Questa strategia, nell’ultima settimana ha portato a due grandi successi, i primi da quattro mesi di campagna: la liberazione di monte Sinjar dall’assedio dell’Isis e l’uccisione di un gran numero di leader dell’Isis, fra cui il braccio destro dell’autoproclamato califfo Al Baghdadi.
La liberazione di Sinjar, prima di tutto, pone fine a una delle maggiori emergenze umanitarie del mondo: il tentativo di genocidio degli yezidi, minoranza religiosa irachena perseguitata dagli jihadisti. Da agosto, migliaia di profughi si sono rifugiati nel distretto montuoso di Sinjar. Aerei americani e britannici hanno paracadutato loro aiuti umanitari, per permettere loro di sopravvivere all’assedio degli jihadisti del Califfato. I bombardamenti della Coalizione non sono serviti a spezzare l’accerchiamento, ma solo ad alleggerire la pressione. Alla fine sono stati i curdi, armati dagli Stati Uniti e dagli altri Paesi della Coalizione anti-Isis, a sferrare l’attacco decisivo con 8000 combattenti peshmerga. Dopo due giorni di combattimento, venerdì sono riusciti ad aprire e consolidare un corridoio, attraverso cui i civili possono fuggire. Appena in tempo per permettere alla minoranza degli yezidi di sfuggire alla morte per stenti e freddo, nell’inverno di una regione montuosa, con vette che superano i 1300 metri.

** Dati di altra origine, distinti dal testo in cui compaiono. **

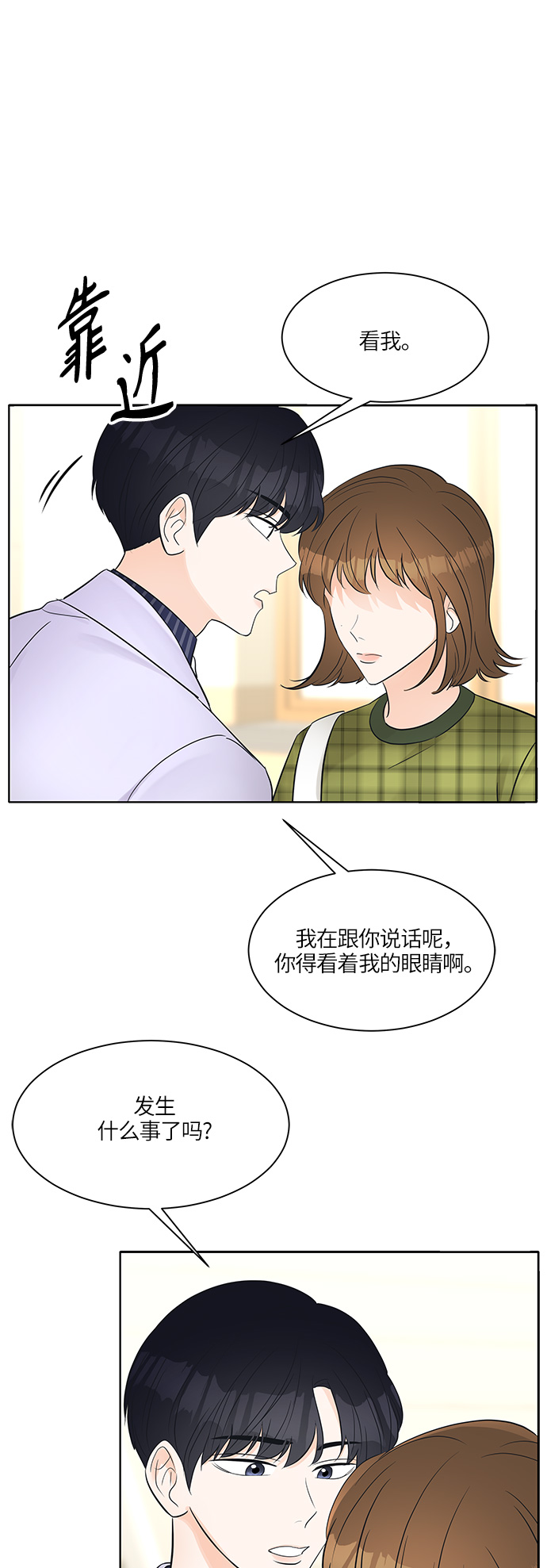 第10话38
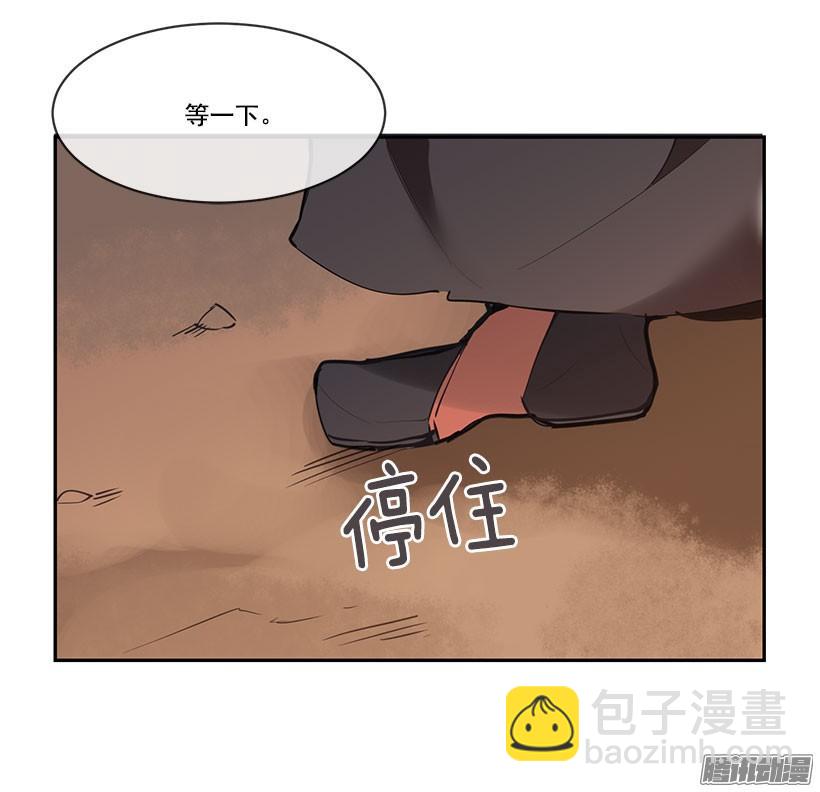 魔劍王 - 追殺 - 1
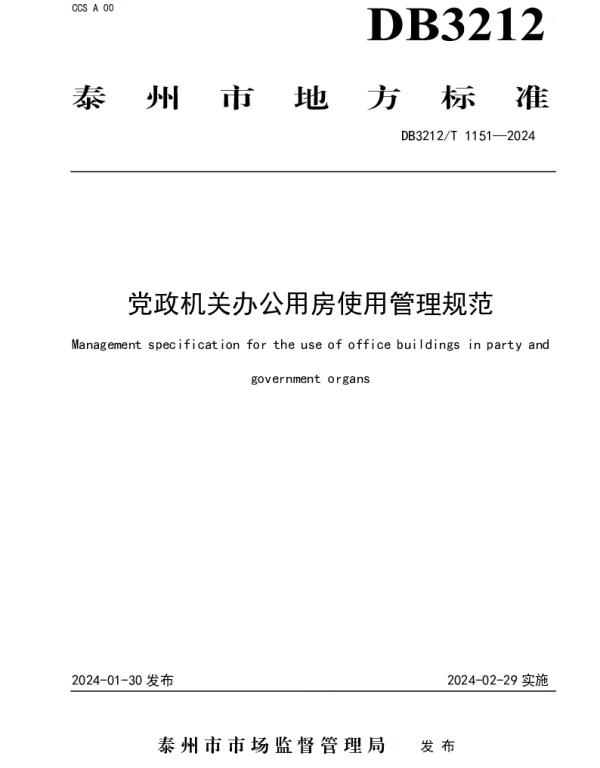 DB3212T 1151—2024 党政机关办公用房使用管理规范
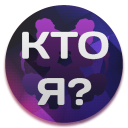 Download  Психологический Тест в картинк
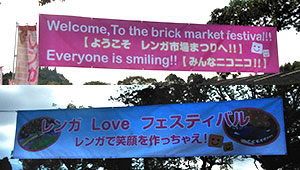 公共告知(祭・運動等)横断幕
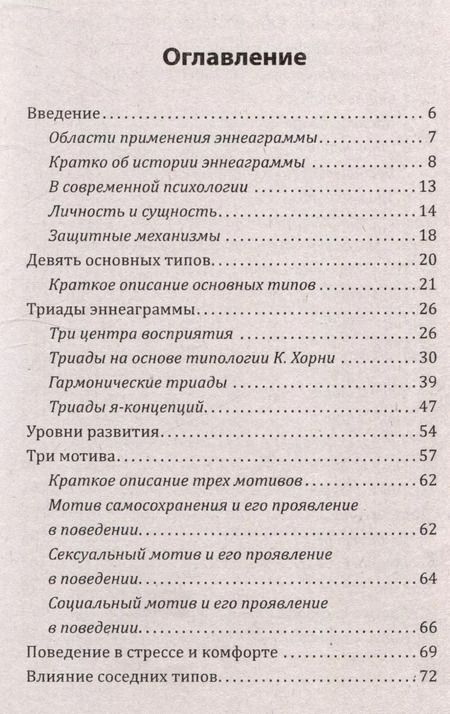 Фотография книги "Сергей Неаполитанский: Эннеаграмма. Тип 4. Индивидуалист"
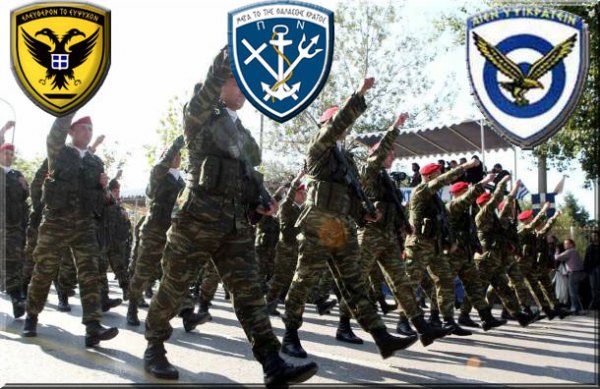 Οι περικοπές στα ειδικά μισθολόγια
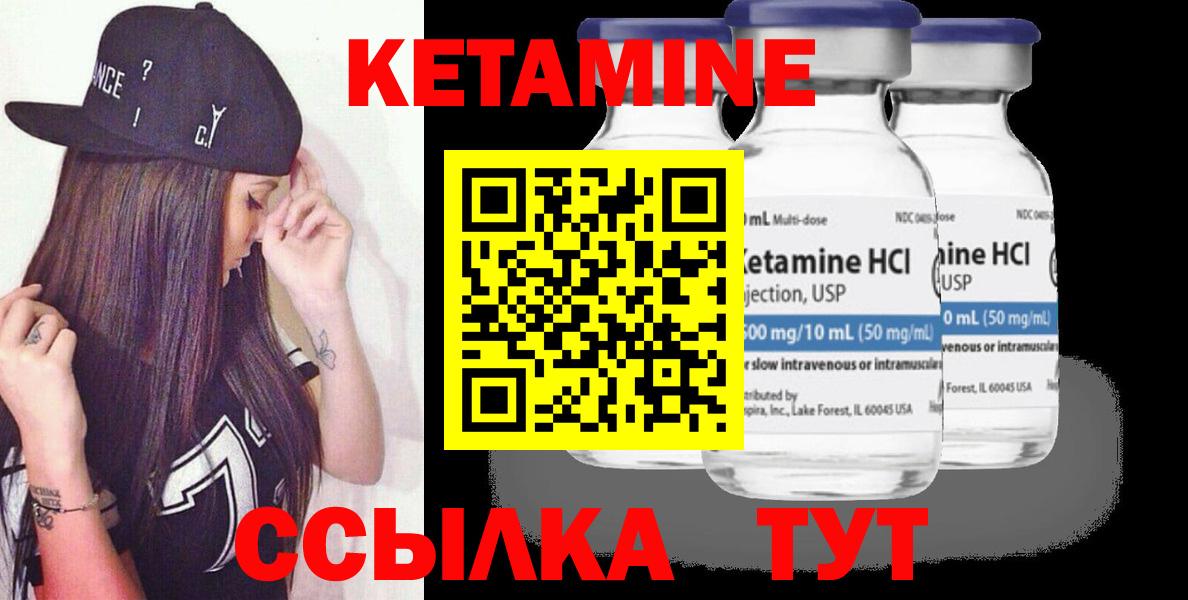 Кетамин VHQ  Вход с VPN  Котлас  КЕТАМИН ketamine 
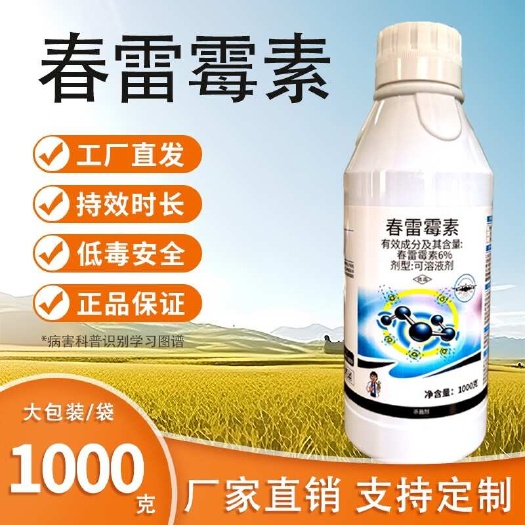 ￼ 春雷霉素水稻稻瘟病黄瓜角斑病春雷雷霉素春蕾霉素农药杀菌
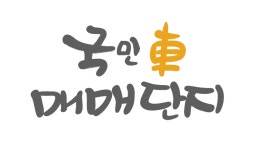 국민차매매단지
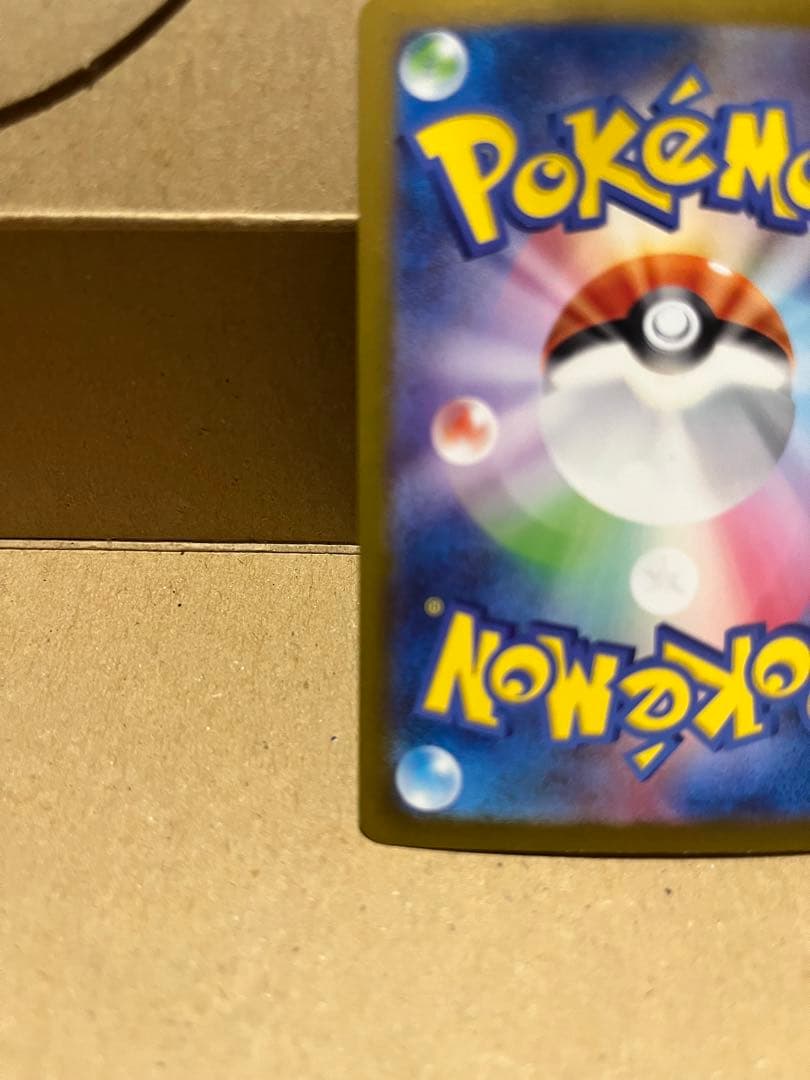 カメックスex SAR SV2a ポケモンカード151 202/165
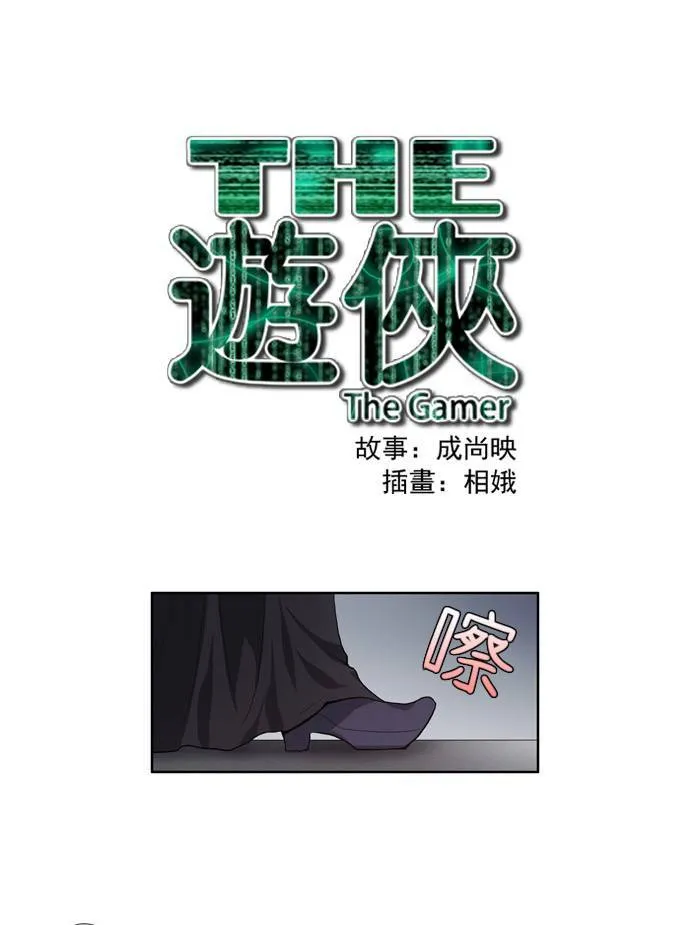 第32话 第42页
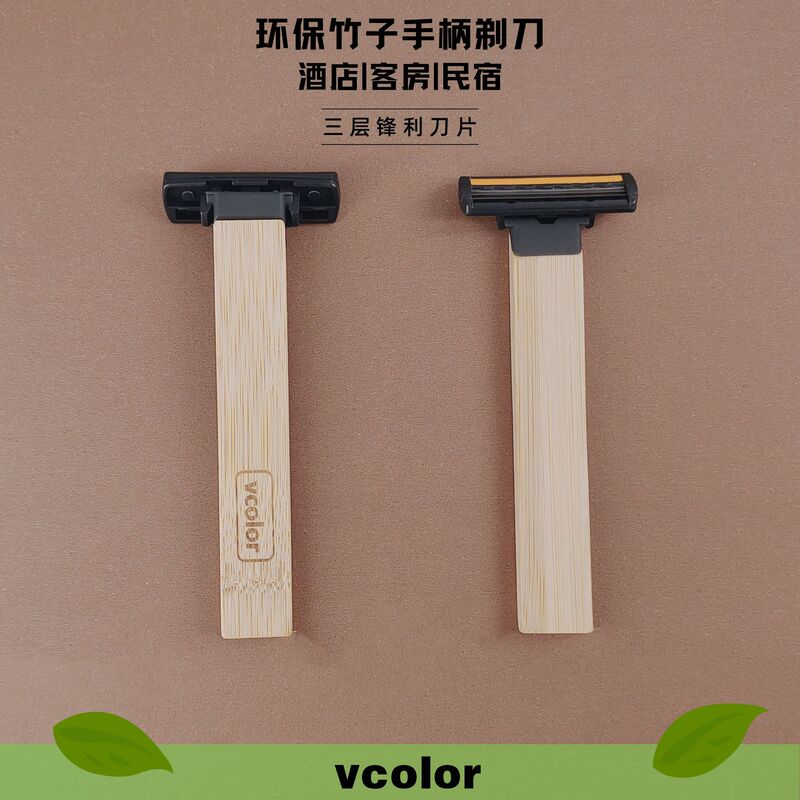 Hotel B & B bamboo handle razor three-layer sharp stainless steel blade men's manual razor cross-border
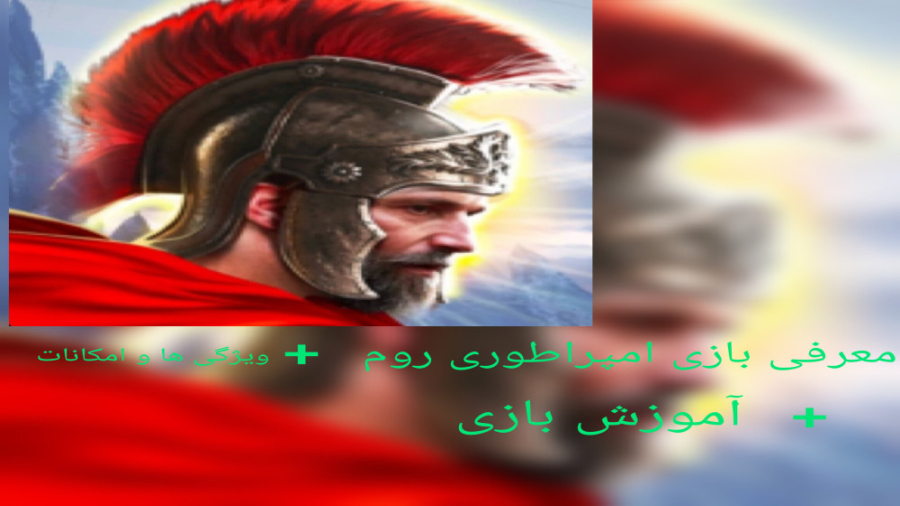 معرفی بازی امپراطوری روم زمان1113ثانیه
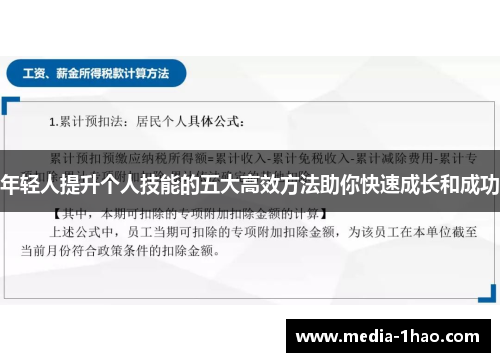 年轻人提升个人技能的五大高效方法助你快速成长和成功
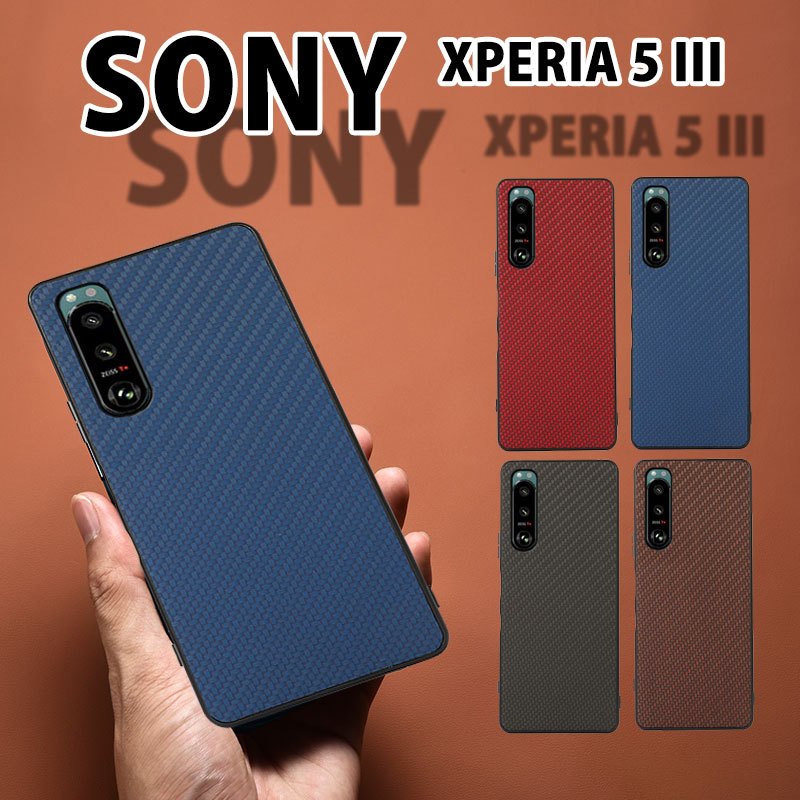 SONY Xperia 5 IIIケース PUレザー SONY Xperia 5 III ケースカバー 新着商品 SONY Xperia 5 IIIカバー  TPU SONY Xperia 5 III カバー 背面保護 耐衝撃 :ly-jh-xp-3c34-49:イニシャル K - 通販 -  Yahoo!ショッピング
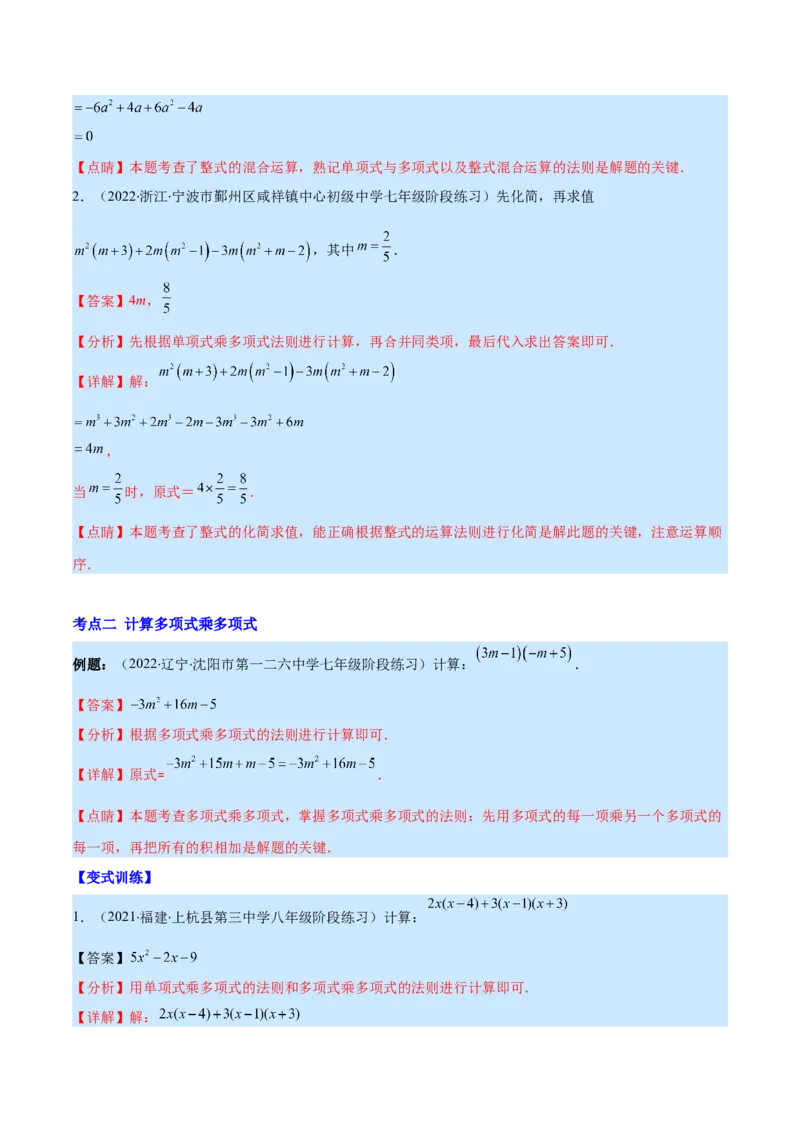 专题12整式的乘法(解析版)（重点突围）_初中数学人教版_8上-初中数学人教版_旧版_07专项讲练_学霸满分八年级数学上册重难点专题提优训练（人教版）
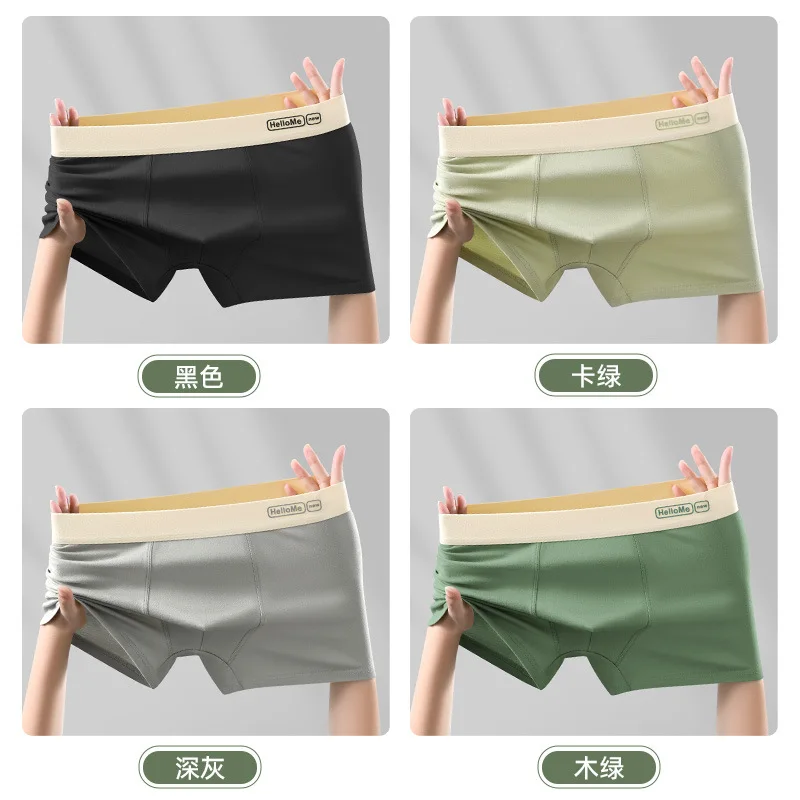4pcs Men's Panties Mens Underwear Shorts Boxer Mens Underwear High Quaity Men's Underwear Pure Cotton Breathabe Boxer Shorts
4pcs Men's Panties Mens Underwear Shorts Boxer Mens Underwear High Quaity Men's Underwear Pure Cotton Breathabe Boxer Shorts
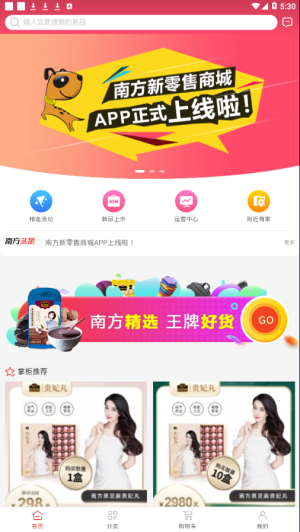 腾讯智慧零售手机版app图片3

Il secondo successo della campagna è l’uccisione di molti dei vertici del Califfato. Con raid aerei mirati, il 3 dicembre è stato ucciso Abd al Basit, il “capo di stato maggiore” degli jihadisti, mentre il 9 dicembre è stato eliminato Haji Mutazz, braccio destro di Al Baghdadi. Un terzo raid avrebbe ucciso anche Radwin Talib, il governatore della città di Mosul, la più popolosa fra quelle occupate dalle milizie del Califfo. Anche un gran numero di leader di medio livello e quadri dell’Isis sarebbe stato eliminato con bombardamenti selettivi. Secondo il generale Martin Dempsey, presidente degli Stati Maggiori Riuniti statunitense, queste eliminazioni mirate hanno minato la capacità di coordinamento degli jihadisti.
Ma non ci si deve illudere troppo. Infatti, proprio perché la campagna contro di loro procede a rilento, le milizie del Califfo sono ancora all’offensiva. A Sinjar hanno subito una sconfitta, ma le loro truppe sono ancora lì, presenti, sul terreno e continuano a combattere i peshmerga. Peggio ancora nella provincia di Anbar, nell’Iraq occidentale, dove l’80% del territorio è nelle mani degli jihadisti, spesso accolti amichevolmente dalla popolazione locale araba sunnita. I miliziani del Califfato stanno stringendo da vicino la grande base aerea irachena di Ain al Asad. Se cade, potrebbero usarla come trampolino di lancio per la conquista di Baghdad.